## REQUIRED ACTION:
Exact copy, no pictures: return only the lines below from the line with "Pensile Wandleuchte Sand" up to and including the line with "Paul Neuhaus Pure".

## PROVIDED MATERIAL:
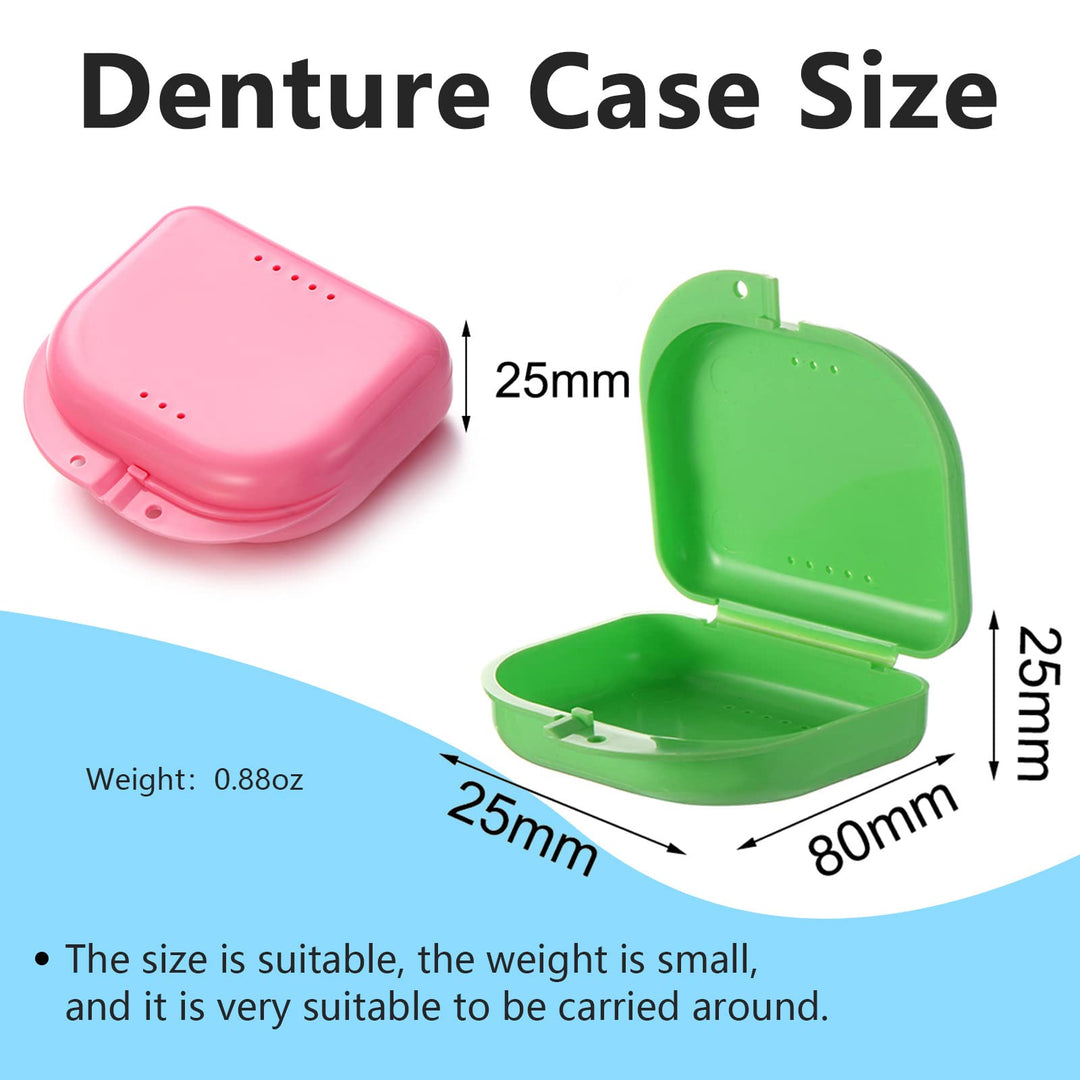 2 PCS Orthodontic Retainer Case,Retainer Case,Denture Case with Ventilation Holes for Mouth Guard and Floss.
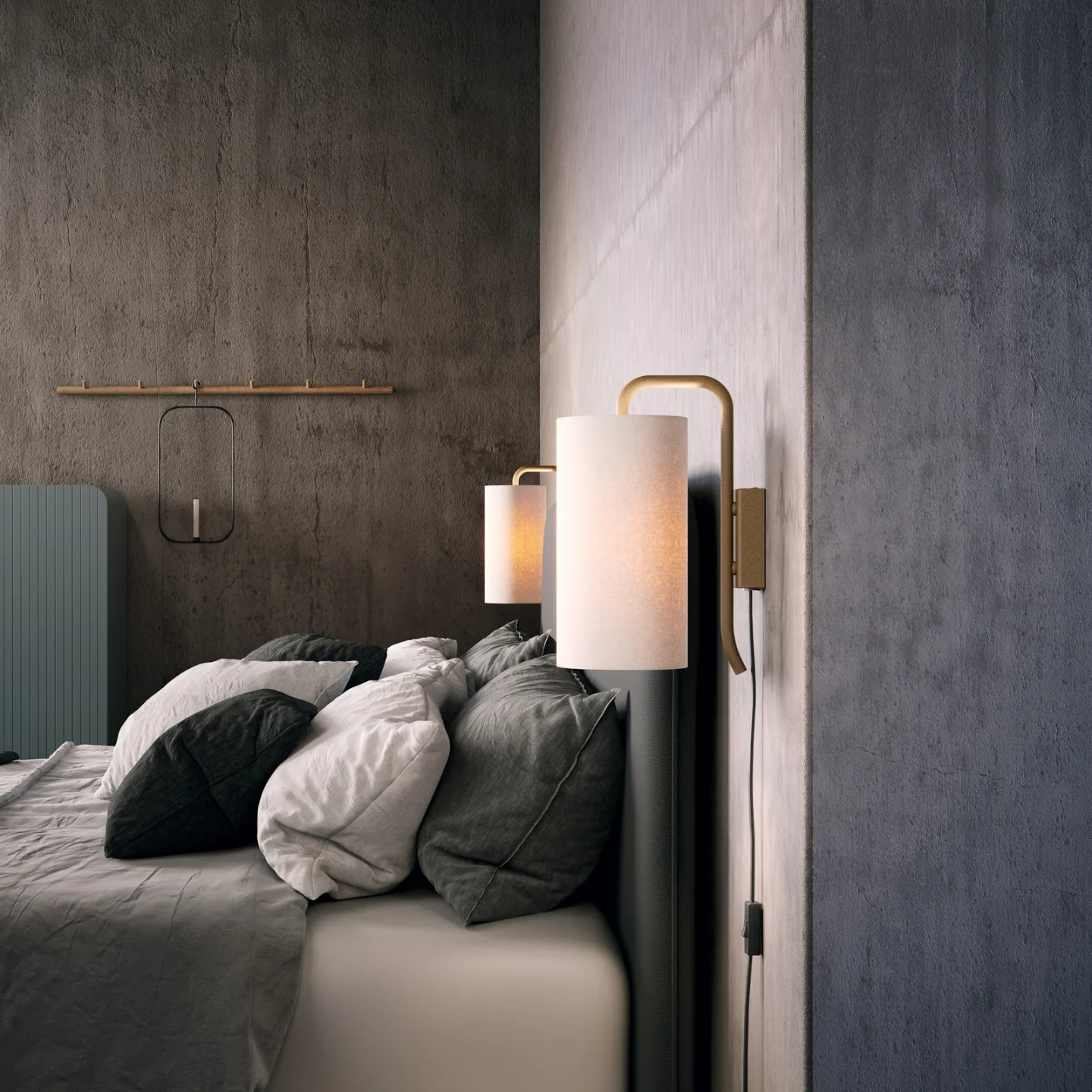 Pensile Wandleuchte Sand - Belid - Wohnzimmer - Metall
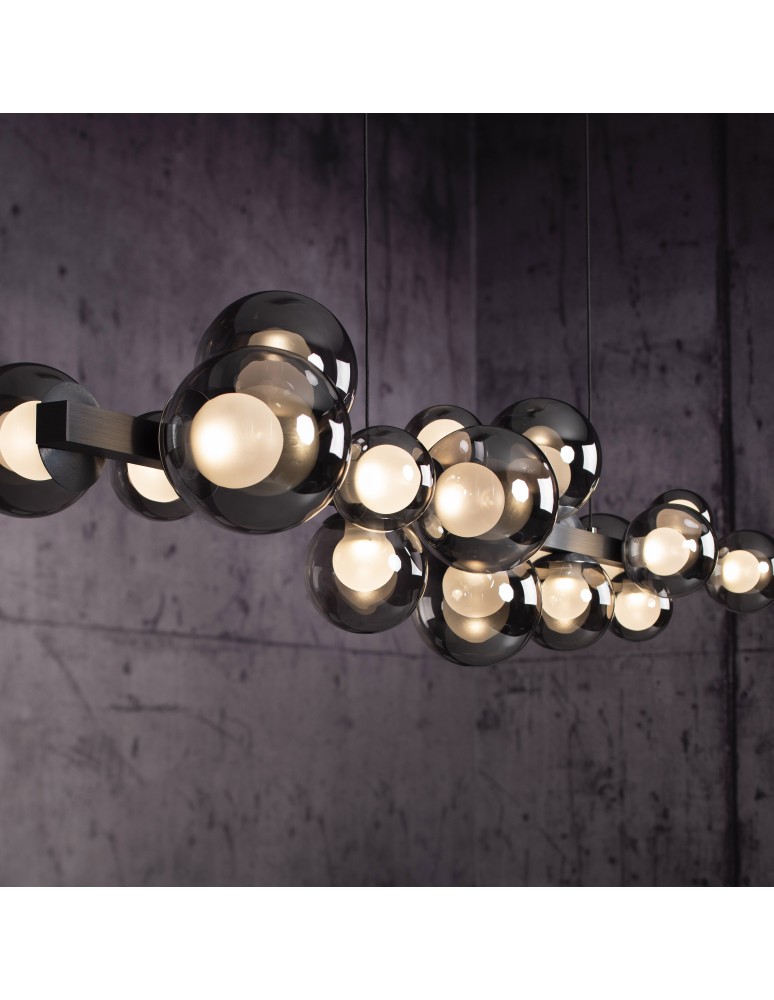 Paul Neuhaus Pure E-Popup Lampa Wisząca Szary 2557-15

* * *

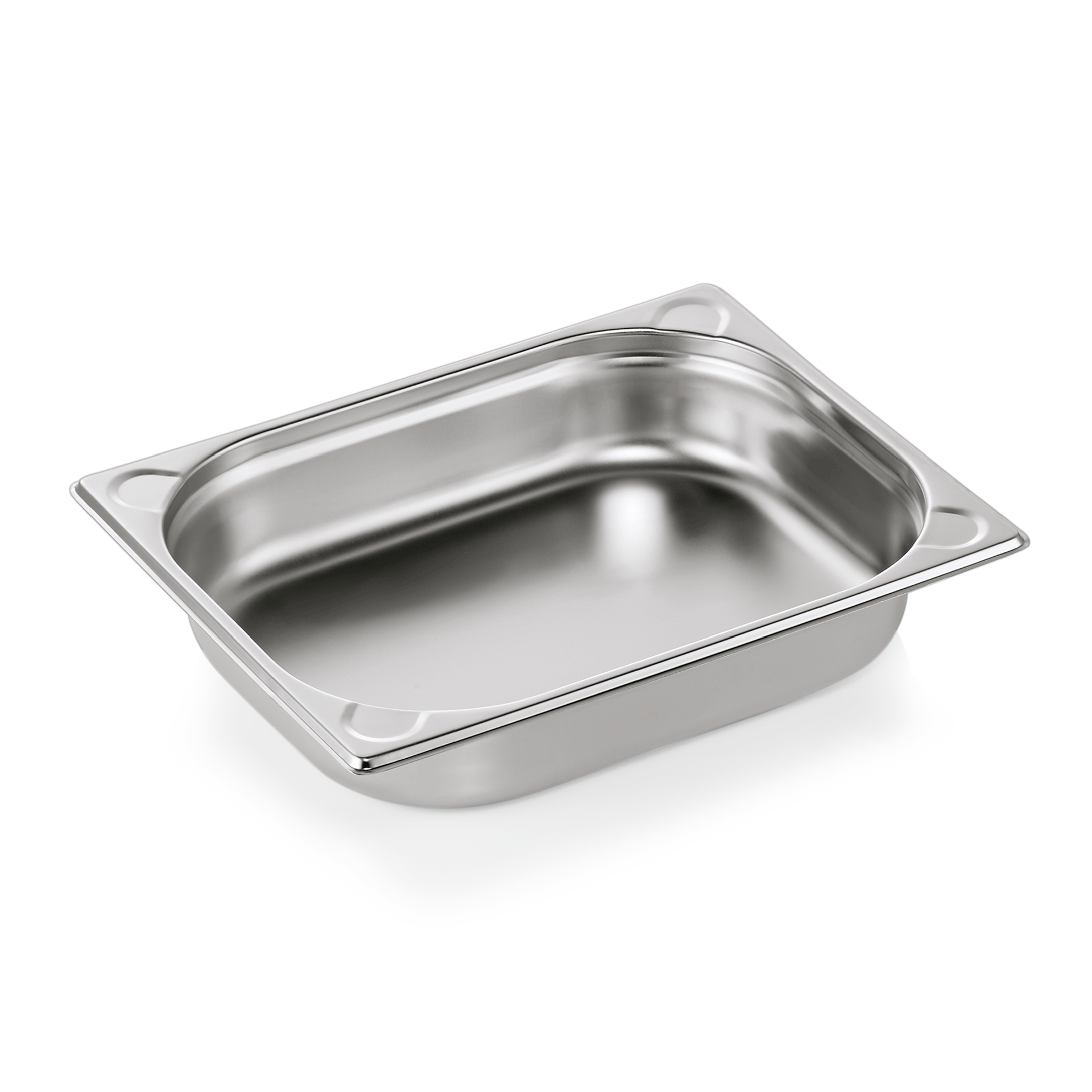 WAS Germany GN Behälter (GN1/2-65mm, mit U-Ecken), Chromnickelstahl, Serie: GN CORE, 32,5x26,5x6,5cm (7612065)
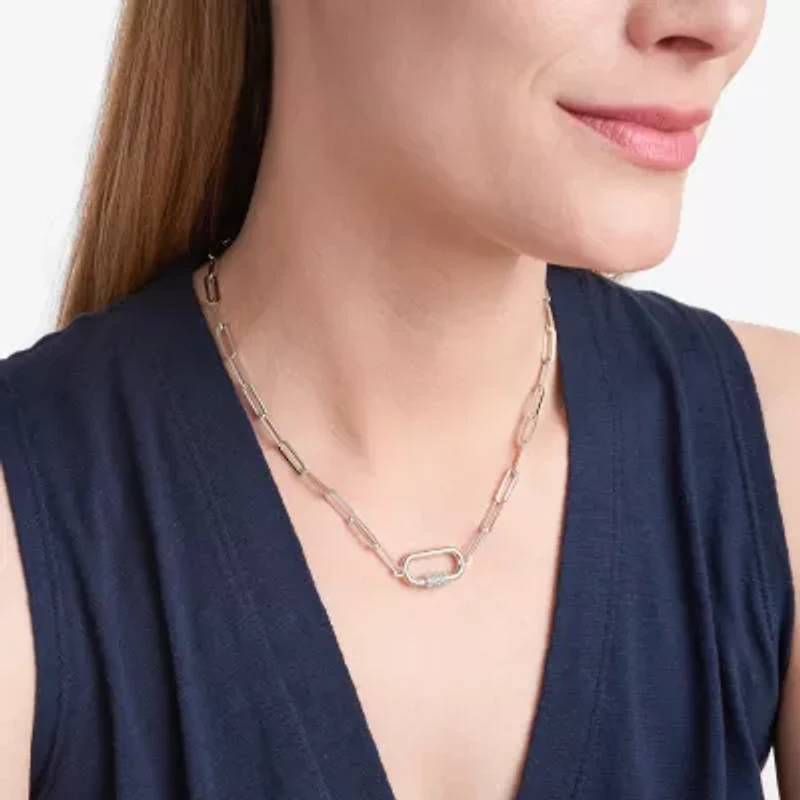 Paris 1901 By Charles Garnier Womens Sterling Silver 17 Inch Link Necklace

## ANSWER TO THIS PROBLEM:
 Pensile Wandleuchte Sand - Belid - Wohnzimmer - Metall
 Paul Neuhaus Pure E-Popup Lampa Wisząca Szary 2557-15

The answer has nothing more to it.